Around The Twitterverse in Eighty Days: Eight Thoughts on Twitter

balloon and marketing and twitter

I’ve now been on Twitter for 80 days. In the amount of time it took Phileas Fogg to travel around the world, I have sent some 200 tweets and gained more than 400 followers.

I purposefully have not used any cheats or tricks to build traffic. I have used only Twitter’s own app and website. I wanted to immerse myself in the world of Twitter without any outside aids.

There are some parts of Twitter I like, but there are also some aspects that are incredibly frustrating. In the grand tradition of the Twitter listicle, here are my 8 observations about this much-discussed social network.

1) RAVE: Reach important people. On this blog I’ve reviewed several bestselling books. I use Twitter to reach out to the authors and let them know about my commentary. Some of these authors have responded. Without Twitter, I’d have no way of reaching these important influencers directly.
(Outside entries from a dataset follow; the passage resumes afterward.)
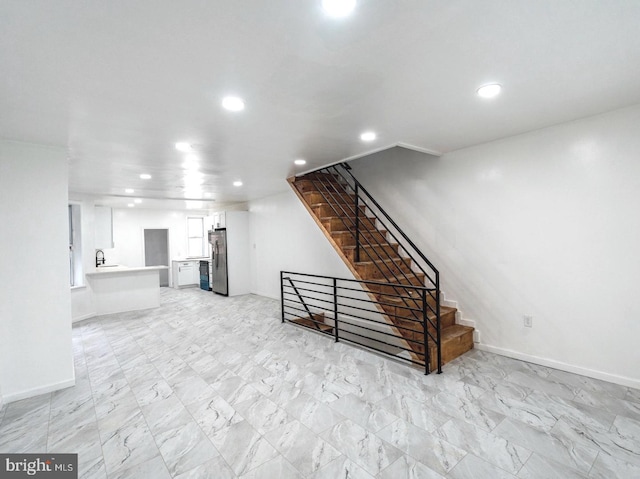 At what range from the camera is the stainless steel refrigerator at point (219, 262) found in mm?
7645

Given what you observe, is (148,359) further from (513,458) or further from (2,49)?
(513,458)

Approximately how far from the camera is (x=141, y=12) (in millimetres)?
1364

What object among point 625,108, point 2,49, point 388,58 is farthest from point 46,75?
point 625,108

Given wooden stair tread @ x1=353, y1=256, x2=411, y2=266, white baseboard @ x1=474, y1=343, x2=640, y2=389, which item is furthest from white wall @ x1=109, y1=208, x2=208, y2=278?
white baseboard @ x1=474, y1=343, x2=640, y2=389

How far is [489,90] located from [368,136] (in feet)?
4.00

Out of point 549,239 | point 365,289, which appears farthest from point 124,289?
point 549,239

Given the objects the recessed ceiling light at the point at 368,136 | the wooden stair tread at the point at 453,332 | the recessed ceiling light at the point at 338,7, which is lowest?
the wooden stair tread at the point at 453,332

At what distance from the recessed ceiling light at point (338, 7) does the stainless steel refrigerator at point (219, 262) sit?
6735mm

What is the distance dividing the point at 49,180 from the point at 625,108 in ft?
18.0

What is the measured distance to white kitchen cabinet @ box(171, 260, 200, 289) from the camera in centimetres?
909

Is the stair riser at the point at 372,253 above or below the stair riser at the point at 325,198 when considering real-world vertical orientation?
below

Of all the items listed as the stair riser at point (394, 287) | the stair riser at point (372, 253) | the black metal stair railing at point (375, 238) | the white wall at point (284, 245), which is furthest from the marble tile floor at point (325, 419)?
the white wall at point (284, 245)

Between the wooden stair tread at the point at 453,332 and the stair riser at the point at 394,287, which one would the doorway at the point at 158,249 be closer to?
the stair riser at the point at 394,287

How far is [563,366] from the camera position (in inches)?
122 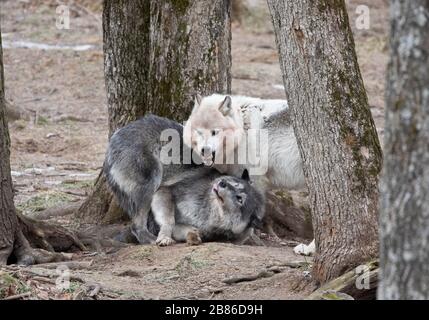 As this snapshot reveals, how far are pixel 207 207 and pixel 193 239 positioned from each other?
493 millimetres

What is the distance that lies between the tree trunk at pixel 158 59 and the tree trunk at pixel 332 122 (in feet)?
8.44

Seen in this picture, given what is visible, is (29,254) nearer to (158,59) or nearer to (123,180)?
(123,180)

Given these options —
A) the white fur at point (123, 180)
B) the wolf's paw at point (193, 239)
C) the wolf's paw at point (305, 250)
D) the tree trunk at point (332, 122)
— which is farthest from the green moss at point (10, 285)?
the wolf's paw at point (305, 250)

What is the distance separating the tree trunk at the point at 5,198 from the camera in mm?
7887

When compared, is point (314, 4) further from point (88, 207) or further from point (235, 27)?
point (235, 27)

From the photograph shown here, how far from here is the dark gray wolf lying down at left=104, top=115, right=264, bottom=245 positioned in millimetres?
9133

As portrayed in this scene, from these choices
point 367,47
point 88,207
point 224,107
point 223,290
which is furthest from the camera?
point 367,47

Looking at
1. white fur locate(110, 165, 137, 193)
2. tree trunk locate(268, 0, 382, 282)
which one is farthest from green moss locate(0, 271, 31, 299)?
white fur locate(110, 165, 137, 193)

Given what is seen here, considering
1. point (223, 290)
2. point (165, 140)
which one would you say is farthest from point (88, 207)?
point (223, 290)

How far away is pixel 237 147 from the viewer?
930cm

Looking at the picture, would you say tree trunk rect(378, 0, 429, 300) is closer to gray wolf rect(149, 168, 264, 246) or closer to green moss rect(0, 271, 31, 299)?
green moss rect(0, 271, 31, 299)

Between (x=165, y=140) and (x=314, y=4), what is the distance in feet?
9.64

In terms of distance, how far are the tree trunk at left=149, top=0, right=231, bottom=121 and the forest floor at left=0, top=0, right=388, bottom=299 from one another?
1.55 meters

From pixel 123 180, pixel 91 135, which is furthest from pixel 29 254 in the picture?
pixel 91 135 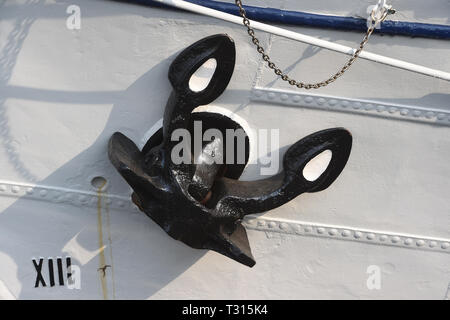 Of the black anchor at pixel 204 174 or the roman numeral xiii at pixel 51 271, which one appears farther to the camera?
the roman numeral xiii at pixel 51 271

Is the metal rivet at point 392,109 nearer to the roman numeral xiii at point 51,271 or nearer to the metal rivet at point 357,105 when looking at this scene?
the metal rivet at point 357,105

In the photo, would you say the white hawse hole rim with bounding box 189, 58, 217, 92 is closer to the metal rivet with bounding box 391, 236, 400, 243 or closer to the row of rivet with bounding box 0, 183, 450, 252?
the row of rivet with bounding box 0, 183, 450, 252

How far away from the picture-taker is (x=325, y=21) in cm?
172

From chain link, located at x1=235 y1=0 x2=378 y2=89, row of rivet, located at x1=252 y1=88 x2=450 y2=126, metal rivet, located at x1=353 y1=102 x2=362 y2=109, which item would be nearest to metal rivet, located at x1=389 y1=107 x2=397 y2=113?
row of rivet, located at x1=252 y1=88 x2=450 y2=126

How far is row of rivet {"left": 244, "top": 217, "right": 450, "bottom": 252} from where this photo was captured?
2092mm

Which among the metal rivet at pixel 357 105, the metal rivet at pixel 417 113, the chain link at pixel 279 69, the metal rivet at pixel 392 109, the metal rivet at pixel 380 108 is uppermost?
the chain link at pixel 279 69

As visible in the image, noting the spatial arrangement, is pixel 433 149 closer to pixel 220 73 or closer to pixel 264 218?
pixel 264 218

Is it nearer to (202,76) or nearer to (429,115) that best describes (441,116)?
(429,115)

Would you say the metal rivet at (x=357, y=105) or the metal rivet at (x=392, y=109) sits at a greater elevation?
the metal rivet at (x=357, y=105)

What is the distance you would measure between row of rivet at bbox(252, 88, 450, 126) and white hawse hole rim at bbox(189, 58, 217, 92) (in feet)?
0.59

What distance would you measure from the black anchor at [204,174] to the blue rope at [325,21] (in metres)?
0.14

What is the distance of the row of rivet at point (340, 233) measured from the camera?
2092 mm

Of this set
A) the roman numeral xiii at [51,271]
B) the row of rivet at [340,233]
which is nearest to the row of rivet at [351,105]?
the row of rivet at [340,233]

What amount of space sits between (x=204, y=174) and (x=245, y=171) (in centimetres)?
18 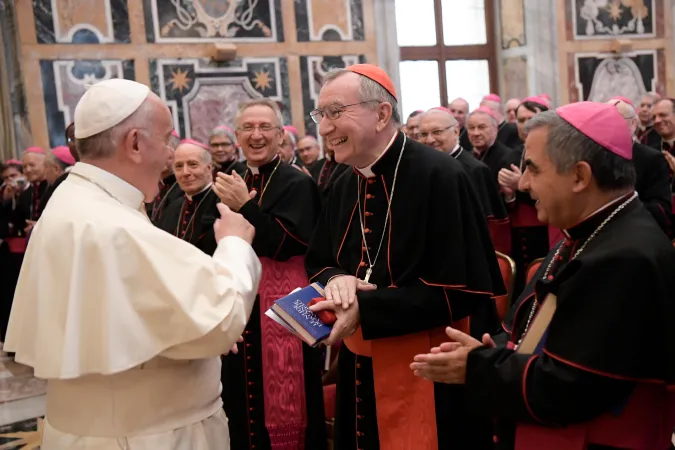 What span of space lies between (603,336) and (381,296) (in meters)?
1.14

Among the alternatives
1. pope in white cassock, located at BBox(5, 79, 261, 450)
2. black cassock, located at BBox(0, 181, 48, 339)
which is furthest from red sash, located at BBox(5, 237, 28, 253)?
pope in white cassock, located at BBox(5, 79, 261, 450)

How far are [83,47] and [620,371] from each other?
928cm

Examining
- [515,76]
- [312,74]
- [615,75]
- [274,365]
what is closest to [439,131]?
[274,365]

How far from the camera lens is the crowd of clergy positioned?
6.80ft

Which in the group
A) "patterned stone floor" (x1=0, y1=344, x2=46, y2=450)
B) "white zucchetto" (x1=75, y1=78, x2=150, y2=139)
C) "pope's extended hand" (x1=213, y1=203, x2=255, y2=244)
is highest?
"white zucchetto" (x1=75, y1=78, x2=150, y2=139)

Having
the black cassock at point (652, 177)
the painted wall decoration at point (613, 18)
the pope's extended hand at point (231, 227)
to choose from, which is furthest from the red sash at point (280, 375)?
the painted wall decoration at point (613, 18)

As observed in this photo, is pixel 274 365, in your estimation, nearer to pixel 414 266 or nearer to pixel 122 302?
pixel 414 266

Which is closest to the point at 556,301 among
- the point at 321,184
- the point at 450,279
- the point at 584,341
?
the point at 584,341

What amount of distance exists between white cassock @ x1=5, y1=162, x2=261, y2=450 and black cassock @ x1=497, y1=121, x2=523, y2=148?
7040 mm

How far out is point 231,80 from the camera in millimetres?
10719

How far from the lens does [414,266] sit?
3.16 metres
2) RANT: Twits and bots. Even though I only follow “real” people, a huge amount of my Twitter feed is garbage generated by software. Some users retweet their content over and over, while others have programs that automatically list their new followers or spout other junk (the worst offenses come from a tool called commun.it; if you let this program send tweets on your behalf, you are spamming your followers). I end up muting ¾ of my followees. The best content in my feed comes from publications I read anyway outside of Twitter, so I end up ignoring the feed most of the time. It’s just too hard to get interesting content into my feed and I’ve largely given up.

twitter bird is marketing good stuff3) RAVE: Networking with no intermediary. I enjoy meeting people with common business interests, and twice so far I’ve met people for coffee who I found on Twitter. It’s a great addition to in-person networking. Twitter gives a good insight into whether two people share complementary backgrounds and offers a natural way to start a conversation, something LinkedIn lacks.

4) RANT. Banality sells. As I hinted above, the most common content in my feed is in list form. And not good lists – it’s mostly warmed-over thought soup. I try hard to produce interesting content, but I can’t see a way to break through the mediocre material that many other creators are promoting. My most popular blog post broke through because I tweeted it many times. I don’t understand why my most favorited Twitter post is uniquely popular. Conclusion: Twitter rewards frequency not quality, which means it feels a lot like spam. Speaking of which…

5) FROTHING RANT. Direct messages are completely broken. Every direct message I’ve received, without exception, is spam. This bears repeating: I’ve received at least 100 direct messages, usually right after following someone. Every single one was a piece of garbage generating by a bot, usually asking me to interact on another channel. Early on I tried responding to some of these messages, but after about 10 replies got no response I stopped trying. Because direct messages are spam, of course, and the people who run the bots don’t read their direct messages either. It’s hard to overstate how bad this is for Twitter’s brand. Every other half-decent service solved spam years ago. I keep spam off my blog for free with Akismet, for example. How is this so hard? Why can’t I fix this in Twitter’s native app?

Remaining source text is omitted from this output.